His Way covers part of a recent world tour and comes full circle, with Anka back in New York City for Times Square New Year’s Eve celebrations at the close of 2023. Yet it’s not the end of the story. He tells American Songwriter another world tour is on the calendar for 2026, with dates scheduled from January through June. And in a long-anticipated move, Anka has approved the production of a Broadway musical telling his story. It’s somewhat ironic, since he’s still writing new chapters.
Asked about why he keeps going, keeps traveling, performing and working, he responds with the classic swagger of his youth.
“I’m always amused at that,” he says. “When you find a passion for something, and you’re in the one percent of the one percent of us lucky enough to be in this business on your own terms. … Who the hell would ever give it up? I’m still healthy. It keeps me young. I’m always writing. I work when I want to work. I’m going to Chile to play to 10,000 people in a stadium. I’m going to Mexico after that.”

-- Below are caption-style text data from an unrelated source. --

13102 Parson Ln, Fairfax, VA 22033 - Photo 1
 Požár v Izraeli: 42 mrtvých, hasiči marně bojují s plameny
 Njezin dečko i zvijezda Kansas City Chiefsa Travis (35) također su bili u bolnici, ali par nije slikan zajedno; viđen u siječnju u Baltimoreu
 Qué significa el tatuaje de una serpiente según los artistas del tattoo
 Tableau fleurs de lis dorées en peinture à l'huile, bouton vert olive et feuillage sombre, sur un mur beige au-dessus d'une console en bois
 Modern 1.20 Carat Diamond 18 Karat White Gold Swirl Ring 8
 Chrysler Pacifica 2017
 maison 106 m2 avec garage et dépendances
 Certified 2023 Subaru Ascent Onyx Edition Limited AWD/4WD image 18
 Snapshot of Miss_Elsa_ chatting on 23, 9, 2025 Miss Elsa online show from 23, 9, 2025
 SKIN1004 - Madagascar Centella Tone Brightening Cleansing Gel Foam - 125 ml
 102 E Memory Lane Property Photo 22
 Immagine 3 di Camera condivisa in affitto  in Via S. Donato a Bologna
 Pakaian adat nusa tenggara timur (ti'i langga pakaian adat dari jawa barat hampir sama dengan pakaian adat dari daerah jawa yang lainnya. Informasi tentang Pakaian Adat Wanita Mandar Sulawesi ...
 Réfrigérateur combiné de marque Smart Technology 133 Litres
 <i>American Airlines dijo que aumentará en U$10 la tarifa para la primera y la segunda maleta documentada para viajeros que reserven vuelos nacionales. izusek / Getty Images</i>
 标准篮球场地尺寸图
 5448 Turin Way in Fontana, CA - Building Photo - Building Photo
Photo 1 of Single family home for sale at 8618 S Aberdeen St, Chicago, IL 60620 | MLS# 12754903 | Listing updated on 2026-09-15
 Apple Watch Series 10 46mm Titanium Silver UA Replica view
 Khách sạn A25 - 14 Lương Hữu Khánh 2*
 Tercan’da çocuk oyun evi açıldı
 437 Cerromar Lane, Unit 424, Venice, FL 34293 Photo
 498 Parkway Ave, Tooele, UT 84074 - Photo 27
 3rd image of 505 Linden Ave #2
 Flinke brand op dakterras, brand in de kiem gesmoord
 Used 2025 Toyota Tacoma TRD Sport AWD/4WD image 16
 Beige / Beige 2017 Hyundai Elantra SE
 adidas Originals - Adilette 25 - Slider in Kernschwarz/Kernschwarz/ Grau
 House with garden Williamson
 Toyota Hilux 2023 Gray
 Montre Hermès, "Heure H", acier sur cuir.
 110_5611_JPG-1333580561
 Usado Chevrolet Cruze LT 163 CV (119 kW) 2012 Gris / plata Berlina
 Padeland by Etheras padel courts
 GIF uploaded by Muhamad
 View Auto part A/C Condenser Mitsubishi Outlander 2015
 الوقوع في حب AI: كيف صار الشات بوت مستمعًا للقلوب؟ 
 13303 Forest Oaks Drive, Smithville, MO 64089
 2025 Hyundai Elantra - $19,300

Plus, he’s still recording. Featuring 11 tracks—nine new songs and two enduring hits, redone for the moment—Anka’s new album, Inspirations of Life and Love, arrives next month. With his velvet-smooth vocal in fine form and the same easy air of sophisticated cool his work has always had, the set begins on a modern-feeling country rocker. “Just Can’t Wait” shows Anka’s adaptability remains intact, and then he shifts to rich orchestration, courtesy of the Hungarian Orchestra in Budapest.
There’s a new version of the Michael Jackson co-write (“Love Never Felt So Good”), and with the idealistic “Freedom for You and Me (Freedom for the World),” Anka speaks to the modern moment in culture and politics, reflecting on 70 years of change. The song was originally a hit for David Hasselhoff in the early ‘90s, so you can add the Baywatch star to his Rolodex of chart toppers.
“It’s the same issues that are going on today. It’s nothing different. Politicians messing everything up. Greed,” he says of the re-made anthem. “The new stuff on there of mine is all dealing with the strongest emotion in life that we all have. And that’s love.”
Anka’s album ends on yet another adaptation—a new version of the Sinatra hit “That’s Life.” And what a life he has seen.
“I don’t know when the exit is for me,” he says. “I live and I don’t stand still, because they throw dirt on you if you do. I wouldn’t know what to do with myself. I saw Sinatra retire two times, and here was my idol, sitting at home playing with trains, just hanging and getting bored. When you’ve got the kind of gift we’ve all been given, that we’re lucky to get, it never dies. Art has no time limit to it. You’re living that moment of creativity all the time. You don’t turn it off.
“I’ve seen guys do that. They stand still and they die. I don’t want that. I want to stay active while I can. There’s no way I’m stopping.”